Пока опыт учебного корпуса, который мы открыли в этом учебном году, показал, что проектировщики не учитывают специфики того объекта, который они строят, стоит все же проекты лучше приспосабливать к учебному процессу.

ХРАМ

- Можно тогда последний вопрос? Вы, наверное, тоже следили за судьбой университетского храма, как он открывался, как становилась в нем приходская жизнь. Какие чувства у вас это вызывало тринадцать лет назад, чего хотелось бы пожелать в отношении храма и университета?

- Знаете, последний раз при советской власти я был на каком-то культурном мероприятии в храме святой Татианы. И вот тогда мысли о том, что здесь когда-то будут снова служить, даже возникнуть не могло. И то, что вдруг поменялось время, и то, что нашелся нормальный ректор, который пошел навстречу и помещение отдал, демонтировал оттуда концертный зал, снес сцену и так далее - это действительно было чудо.

Я думаю, во-первых, что университетский храм должен оставаться именно университетским по той причине, что в университете всегда была прослойка верующих людей, даже в эпоху «Народной воли», когда атеизм был не обязанностью, но общественной модой. Всегда был контингент, который искренне веровал, и я думаю, что корпорация может себе позволить содержать такое здание для своих профессоров и для учеников своих профессоров.

Другой функции этот храм никогда не выполнял, теологического факультета у нас толком никогда не было. Учебной функции он не нес, а возможность предоставления профессуре и студентам помолиться недалеко от того места, где ты преподаешь и учишься, он предоставлял всегда. Так что дай Бог здоровья настоятелям и ктитору, чтобы это здание поддерживалось.

Конечно, оно требует дальнейшей работы, надо его реставрировать, восстанавливать исторические росписи, но, как бы то ни было, раз уж он был построен в этом месте для этих целей, то пусть он их и выполняет. По-моему, он сейчас это делает довольно неплохо. Есть, правда, второй момент, который у меня в голове всегда крутится.

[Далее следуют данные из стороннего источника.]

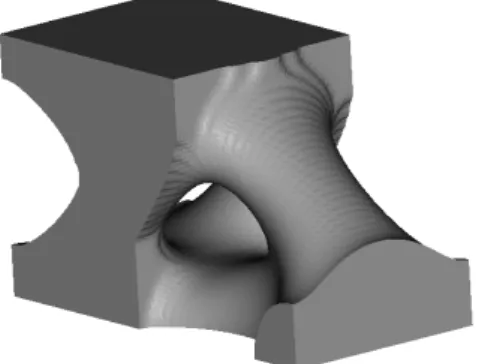 Figure 8. Cantilever beam simulation with N = 2, d = 3 and checkerboard initial data.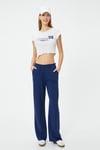 Koton New York Crop Tişört Kısa Kollu Bisiklet Yaka Slim Fit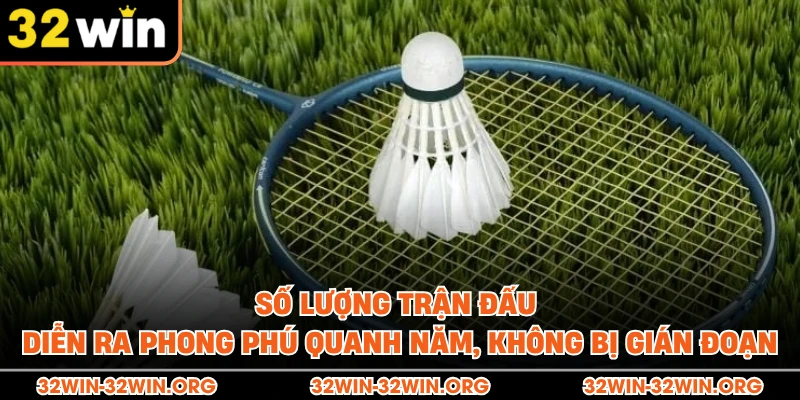 Số lượng trận đấu diễn ra phong phú quanh năm, không bị gián đoạn 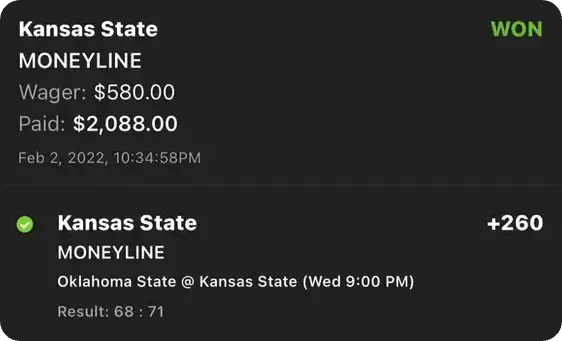 Kansas state Moneyline win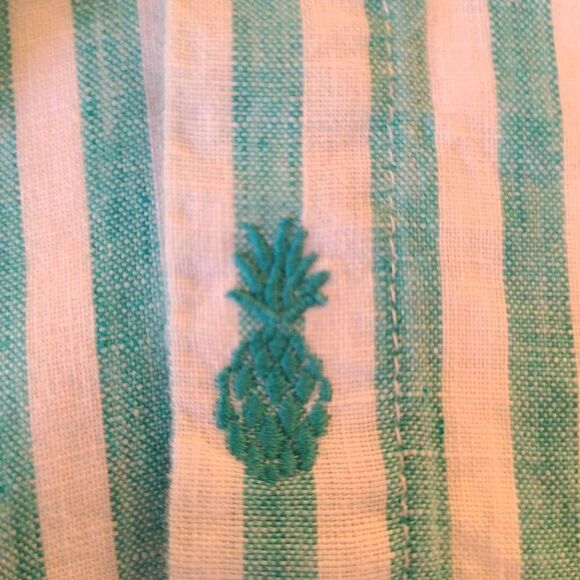 Tommy Bahama Coastalina Cabana Stripe Womens Linen Button Front Tunic Top Small - Picture 8 of 15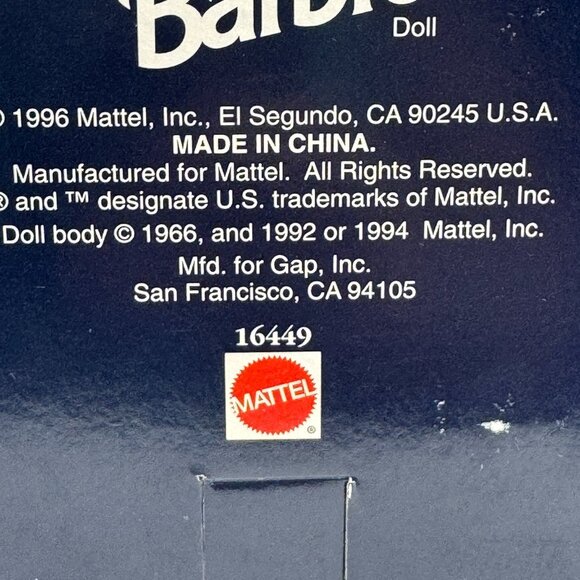 Vintage 1996 GAP BARBIE Doll Special Edition Mattel Exclusive NEW IN BOX *read - Picture 6 of 7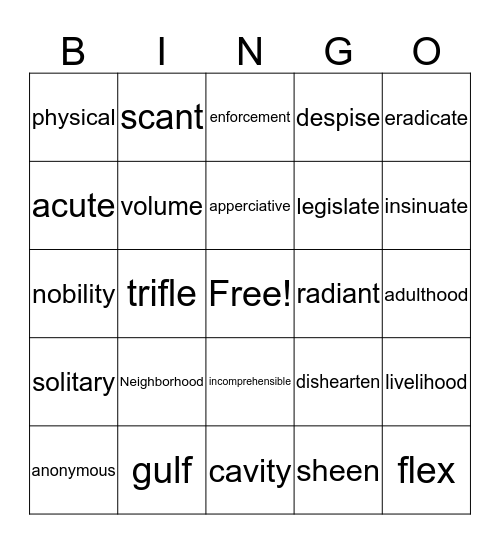 Lesson4 Bingo Card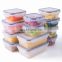 Factory custom logo microwaveable crisper airtight meal prep bento salad box plastic food storage container with snap lock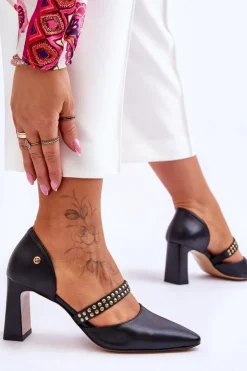 Maciejka Czółenka Na Słupku|Czółenka Klasyczne*Skórzane Czółenka Z Paskiem 05950-01 Czarne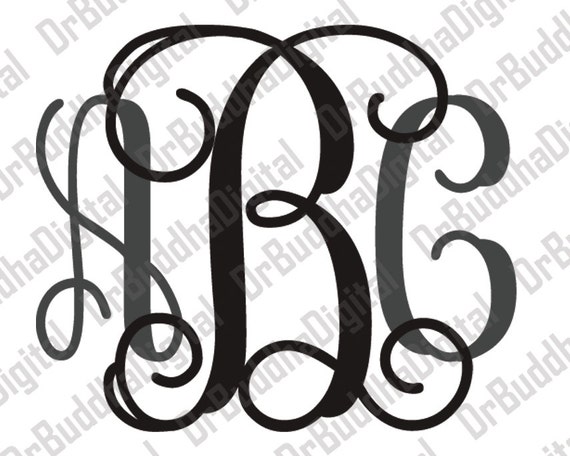 Download Sale! Interlocking Vine Monogram Font SVG Collection - Interlocking Vine DXF - Letter Clipart ...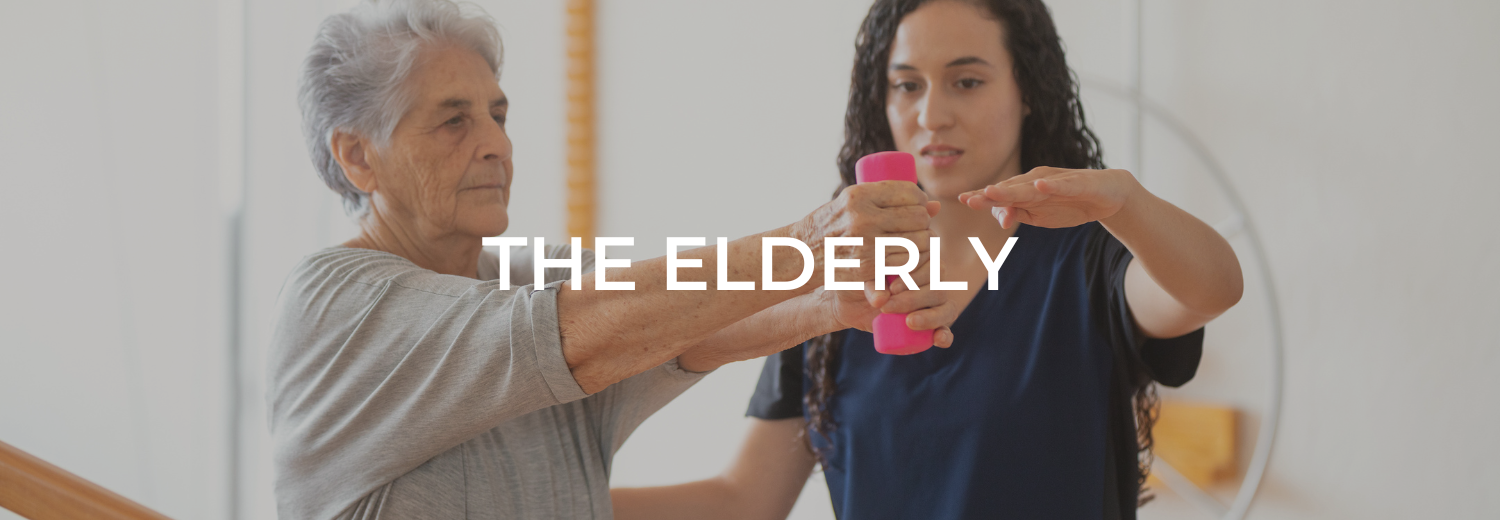 An elderly woman receiving physical therapy for age-related symptoms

У университета все-таки две территории, и вторая территория пока еще остается покрыта только сенью маленького храма на смотровой площадке.

- До которого от гуманитарных корпусов добираться почти столько же, сколько добираться до храма святой Татианы.

- Да, легче доехать до святой Татианы. Так что я бы подумал на эту тему. Насколько я знаю, кто-то из естественников - физики или математики - этот вопрос поднимали, но пока он не решен. Причем думать надо сейчас, потому что места становится все меньше и меньше. План застройки вокруг библиотеки уже есть, а земля-то не резиновая.